Records from a dataset:
# # # #

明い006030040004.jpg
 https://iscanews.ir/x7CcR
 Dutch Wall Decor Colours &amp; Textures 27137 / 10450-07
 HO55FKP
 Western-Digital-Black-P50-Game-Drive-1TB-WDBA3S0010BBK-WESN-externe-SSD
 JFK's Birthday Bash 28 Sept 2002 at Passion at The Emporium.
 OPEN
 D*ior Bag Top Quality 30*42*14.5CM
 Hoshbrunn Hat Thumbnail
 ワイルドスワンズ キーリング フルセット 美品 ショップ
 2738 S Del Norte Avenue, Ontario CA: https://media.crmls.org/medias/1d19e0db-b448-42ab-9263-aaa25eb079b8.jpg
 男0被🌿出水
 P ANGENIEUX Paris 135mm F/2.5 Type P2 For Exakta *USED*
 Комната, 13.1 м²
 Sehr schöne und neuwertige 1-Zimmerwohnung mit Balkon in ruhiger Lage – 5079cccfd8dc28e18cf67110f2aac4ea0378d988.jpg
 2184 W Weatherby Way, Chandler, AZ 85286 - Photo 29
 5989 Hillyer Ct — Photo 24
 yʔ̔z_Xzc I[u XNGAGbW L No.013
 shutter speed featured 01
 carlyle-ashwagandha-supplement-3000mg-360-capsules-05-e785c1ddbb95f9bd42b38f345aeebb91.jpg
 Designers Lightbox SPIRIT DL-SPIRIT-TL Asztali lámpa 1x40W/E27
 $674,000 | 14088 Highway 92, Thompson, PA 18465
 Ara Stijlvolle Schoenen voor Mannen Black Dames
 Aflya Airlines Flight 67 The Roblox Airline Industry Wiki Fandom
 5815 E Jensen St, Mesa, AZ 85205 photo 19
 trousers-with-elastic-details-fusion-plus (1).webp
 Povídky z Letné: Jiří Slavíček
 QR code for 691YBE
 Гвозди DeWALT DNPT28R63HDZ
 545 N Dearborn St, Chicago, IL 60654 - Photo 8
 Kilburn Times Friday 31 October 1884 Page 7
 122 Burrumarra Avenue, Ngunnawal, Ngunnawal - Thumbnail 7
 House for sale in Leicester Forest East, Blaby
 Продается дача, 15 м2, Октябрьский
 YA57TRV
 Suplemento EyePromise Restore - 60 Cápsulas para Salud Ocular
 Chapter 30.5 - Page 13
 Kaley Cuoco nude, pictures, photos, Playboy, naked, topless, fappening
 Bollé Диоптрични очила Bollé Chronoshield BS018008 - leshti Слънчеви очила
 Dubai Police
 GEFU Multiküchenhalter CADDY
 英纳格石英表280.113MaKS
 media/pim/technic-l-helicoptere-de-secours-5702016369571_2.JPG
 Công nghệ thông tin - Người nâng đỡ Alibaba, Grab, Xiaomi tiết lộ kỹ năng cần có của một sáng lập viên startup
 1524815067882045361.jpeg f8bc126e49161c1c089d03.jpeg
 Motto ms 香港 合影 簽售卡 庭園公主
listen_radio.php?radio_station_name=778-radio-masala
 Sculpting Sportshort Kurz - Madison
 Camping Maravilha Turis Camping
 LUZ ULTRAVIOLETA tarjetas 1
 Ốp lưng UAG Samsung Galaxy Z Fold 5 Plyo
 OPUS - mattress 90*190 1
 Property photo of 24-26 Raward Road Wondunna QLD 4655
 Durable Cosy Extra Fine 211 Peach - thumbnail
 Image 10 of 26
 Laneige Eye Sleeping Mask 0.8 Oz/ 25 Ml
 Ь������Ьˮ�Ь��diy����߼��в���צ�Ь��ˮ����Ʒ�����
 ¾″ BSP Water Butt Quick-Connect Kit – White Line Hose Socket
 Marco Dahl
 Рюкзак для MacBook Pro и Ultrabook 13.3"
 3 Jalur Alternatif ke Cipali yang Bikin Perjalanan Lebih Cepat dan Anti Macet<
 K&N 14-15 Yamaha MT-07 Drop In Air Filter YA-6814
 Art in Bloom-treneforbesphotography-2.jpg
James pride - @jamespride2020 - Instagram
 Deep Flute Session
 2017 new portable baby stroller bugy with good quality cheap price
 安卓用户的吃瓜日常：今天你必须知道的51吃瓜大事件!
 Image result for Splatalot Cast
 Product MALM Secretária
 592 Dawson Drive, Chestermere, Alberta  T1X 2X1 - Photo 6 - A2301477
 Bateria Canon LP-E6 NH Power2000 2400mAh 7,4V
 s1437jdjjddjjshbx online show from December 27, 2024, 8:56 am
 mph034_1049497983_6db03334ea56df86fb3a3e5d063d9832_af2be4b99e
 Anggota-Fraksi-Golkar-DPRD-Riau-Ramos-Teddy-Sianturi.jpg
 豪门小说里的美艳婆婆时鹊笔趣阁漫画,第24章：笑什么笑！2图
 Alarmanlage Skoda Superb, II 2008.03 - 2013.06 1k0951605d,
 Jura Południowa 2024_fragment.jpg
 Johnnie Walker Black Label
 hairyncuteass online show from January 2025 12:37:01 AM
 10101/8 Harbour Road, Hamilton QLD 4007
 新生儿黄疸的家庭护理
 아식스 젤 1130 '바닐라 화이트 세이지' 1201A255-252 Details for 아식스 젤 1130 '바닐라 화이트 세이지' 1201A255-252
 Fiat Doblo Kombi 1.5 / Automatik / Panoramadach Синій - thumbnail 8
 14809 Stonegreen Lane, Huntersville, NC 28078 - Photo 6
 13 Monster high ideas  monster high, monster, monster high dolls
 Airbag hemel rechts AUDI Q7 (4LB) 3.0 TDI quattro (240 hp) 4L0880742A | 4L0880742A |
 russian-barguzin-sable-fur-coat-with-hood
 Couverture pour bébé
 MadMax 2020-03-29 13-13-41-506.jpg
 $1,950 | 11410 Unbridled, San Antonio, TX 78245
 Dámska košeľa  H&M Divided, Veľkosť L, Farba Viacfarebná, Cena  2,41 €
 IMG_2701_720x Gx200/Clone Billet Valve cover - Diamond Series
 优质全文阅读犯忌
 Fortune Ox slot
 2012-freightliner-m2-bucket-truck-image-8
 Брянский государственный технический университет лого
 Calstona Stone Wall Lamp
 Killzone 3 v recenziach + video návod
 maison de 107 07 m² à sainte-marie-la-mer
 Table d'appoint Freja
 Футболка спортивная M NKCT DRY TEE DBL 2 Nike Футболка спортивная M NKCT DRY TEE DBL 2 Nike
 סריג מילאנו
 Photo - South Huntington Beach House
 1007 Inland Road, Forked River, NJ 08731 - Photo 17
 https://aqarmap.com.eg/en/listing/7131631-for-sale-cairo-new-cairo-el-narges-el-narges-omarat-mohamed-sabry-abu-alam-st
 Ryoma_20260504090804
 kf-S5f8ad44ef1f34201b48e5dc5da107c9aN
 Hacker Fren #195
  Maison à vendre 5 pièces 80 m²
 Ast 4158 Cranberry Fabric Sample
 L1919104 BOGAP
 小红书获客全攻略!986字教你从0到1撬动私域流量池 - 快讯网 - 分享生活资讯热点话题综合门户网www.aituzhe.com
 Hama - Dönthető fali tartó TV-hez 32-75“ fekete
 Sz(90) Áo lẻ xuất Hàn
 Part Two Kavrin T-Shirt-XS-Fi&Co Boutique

# # # #

• [EXERCISE]: Write the data out again in full. Match it word for word.

• [EXERCISE RESPONSE]:
明い006030040004.jpg
 https://iscanews.ir/x7CcR
 Dutch Wall Decor Colours &amp; Textures 27137 / 10450-07
 HO55FKP
 Western-Digital-Black-P50-Game-Drive-1TB-WDBA3S0010BBK-WESN-externe-SSD
 JFK's Birthday Bash 28 Sept 2002 at Passion at The Emporium.
 OPEN
 D*ior Bag Top Quality 30*42*14.5CM
 Hoshbrunn Hat Thumbnail
 ワイルドスワンズ キーリング フルセット 美品 ショップ
 2738 S Del Norte Avenue, Ontario CA: https://media.crmls.org/medias/1d19e0db-b448-42ab-9263-aaa25eb079b8.jpg
 男0被🌿出水
 P ANGENIEUX Paris 135mm F/2.5 Type P2 For Exakta *USED*
 Комната, 13.1 м²
 Sehr schöne und neuwertige 1-Zimmerwohnung mit Balkon in ruhiger Lage – 5079cccfd8dc28e18cf67110f2aac4ea0378d988.jpg
 2184 W Weatherby Way, Chandler, AZ 85286 - Photo 29
 5989 Hillyer Ct — Photo 24
 yʔ̔z_Xzc I[u XNGAGbW L No.013
 shutter speed featured 01
 carlyle-ashwagandha-supplement-3000mg-360-capsules-05-e785c1ddbb95f9bd42b38f345aeebb91.jpg
 Designers Lightbox SPIRIT DL-SPIRIT-TL Asztali lámpa 1x40W/E27
 $674,000 | 14088 Highway 92, Thompson, PA 18465
 Ara Stijlvolle Schoenen voor Mannen Black Dames
 Aflya Airlines Flight 67 The Roblox Airline Industry Wiki Fandom
 5815 E Jensen St, Mesa, AZ 85205 photo 19
 trousers-with-elastic-details-fusion-plus (1).webp
 Povídky z Letné: Jiří Slavíček
 QR code for 691YBE
 Гвозди DeWALT DNPT28R63HDZ
 545 N Dearborn St, Chicago, IL 60654 - Photo 8
 Kilburn Times Friday 31 October 1884 Page 7
 122 Burrumarra Avenue, Ngunnawal, Ngunnawal - Thumbnail 7
 House for sale in Leicester Forest East, Blaby
 Продается дача, 15 м2, Октябрьский
 YA57TRV
 Suplemento EyePromise Restore - 60 Cápsulas para Salud Ocular
 Chapter 30.5 - Page 13
 Kaley Cuoco nude, pictures, photos, Playboy, naked, topless, fappening
 Bollé Диоптрични очила Bollé Chronoshield BS018008 - leshti Слънчеви очила
 Dubai Police
 GEFU Multiküchenhalter CADDY
 英纳格石英表280.113MaKS
 media/pim/technic-l-helicoptere-de-secours-5702016369571_2.JPG
 Công nghệ thông tin - Người nâng đỡ Alibaba, Grab, Xiaomi tiết lộ kỹ năng cần có của một sáng lập viên startup
 1524815067882045361.jpeg f8bc126e49161c1c089d03.jpeg
 Motto ms 香港 合影 簽售卡 庭園公主
listen_radio.php?radio_station_name=778-radio-masala
 Sculpting Sportshort Kurz - Madison
 Camping Maravilha Turis Camping
 LUZ ULTRAVIOLETA tarjetas 1
 Ốp lưng UAG Samsung Galaxy Z Fold 5 Plyo
 OPUS - mattress 90*190 1
 Property photo of 24-26 Raward Road Wondunna QLD 4655
 Durable Cosy Extra Fine 211 Peach - thumbnail
 Image 10 of 26
 Laneige Eye Sleeping Mask 0.8 Oz/ 25 Ml
 Ь������Ьˮ�Ь��diy����߼��в���צ�Ь��ˮ����Ʒ�����
 ¾″ BSP Water Butt Quick-Connect Kit – White Line Hose Socket
 Marco Dahl
 Рюкзак для MacBook Pro и Ultrabook 13.3"
 3 Jalur Alternatif ke Cipali yang Bikin Perjalanan Lebih Cepat dan Anti Macet<
 K&N 14-15 Yamaha MT-07 Drop In Air Filter YA-6814
 Art in Bloom-treneforbesphotography-2.jpg
James pride - @jamespride2020 - Instagram
 Deep Flute Session
 2017 new portable baby stroller bugy with good quality cheap price
 安卓用户的吃瓜日常：今天你必须知道的51吃瓜大事件!
 Image result for Splatalot Cast
 Product MALM Secretária
 592 Dawson Drive, Chestermere, Alberta  T1X 2X1 - Photo 6 - A2301477
 Bateria Canon LP-E6 NH Power2000 2400mAh 7,4V
 s1437jdjjddjjshbx online show from December 27, 2024, 8:56 am
 mph034_1049497983_6db03334ea56df86fb3a3e5d063d9832_af2be4b99e
 Anggota-Fraksi-Golkar-DPRD-Riau-Ramos-Teddy-Sianturi.jpg
 豪门小说里的美艳婆婆时鹊笔趣阁漫画,第24章：笑什么笑！2图
 Alarmanlage Skoda Superb, II 2008.03 - 2013.06 1k0951605d,
 Jura Południowa 2024_fragment.jpg
 Johnnie Walker Black Label
 hairyncuteass online show from January 2025 12:37:01 AM
 10101/8 Harbour Road, Hamilton QLD 4007
 新生儿黄疸的家庭护理
 아식스 젤 1130 '바닐라 화이트 세이지' 1201A255-252 Details for 아식스 젤 1130 '바닐라 화이트 세이지' 1201A255-252
 Fiat Doblo Kombi 1.5 / Automatik / Panoramadach Синій - thumbnail 8
 14809 Stonegreen Lane, Huntersville, NC 28078 - Photo 6
 13 Monster high ideas  monster high, monster, monster high dolls
 Airbag hemel rechts AUDI Q7 (4LB) 3.0 TDI quattro (240 hp) 4L0880742A | 4L0880742A |
 russian-barguzin-sable-fur-coat-with-hood
 Couverture pour bébé
 MadMax 2020-03-29 13-13-41-506.jpg
 $1,950 | 11410 Unbridled, San Antonio, TX 78245
 Dámska košeľa  H&M Divided, Veľkosť L, Farba Viacfarebná, Cena  2,41 €
 IMG_2701_720x Gx200/Clone Billet Valve cover - Diamond Series
 优质全文阅读犯忌
 Fortune Ox slot
 2012-freightliner-m2-bucket-truck-image-8
 Брянский государственный технический университет лого
 Calstona Stone Wall Lamp
 Killzone 3 v recenziach + video návod
 maison de 107 07 m² à sainte-marie-la-mer
 Table d'appoint Freja
 Футболка спортивная M NKCT DRY TEE DBL 2 Nike Футболка спортивная M NKCT DRY TEE DBL 2 Nike
 סריג מילאנו
 Photo - South Huntington Beach House
 1007 Inland Road, Forked River, NJ 08731 - Photo 17
 https://aqarmap.com.eg/en/listing/7131631-for-sale-cairo-new-cairo-el-narges-el-narges-omarat-mohamed-sabry-abu-alam-st
 Ryoma_20260504090804
 kf-S5f8ad44ef1f34201b48e5dc5da107c9aN
 Hacker Fren #195
  Maison à vendre 5 pièces 80 m²
 Ast 4158 Cranberry Fabric Sample
 L1919104 BOGAP
 小红书获客全攻略!986字教你从0到1撬动私域流量池 - 快讯网 - 分享生活资讯热点话题综合门户网www.aituzhe.com
 Hama - Dönthető fali tartó TV-hez 32-75“ fekete
 Sz(90) Áo lẻ xuất Hàn
 Part Two Kavrin T-Shirt-XS-Fi&Co Boutique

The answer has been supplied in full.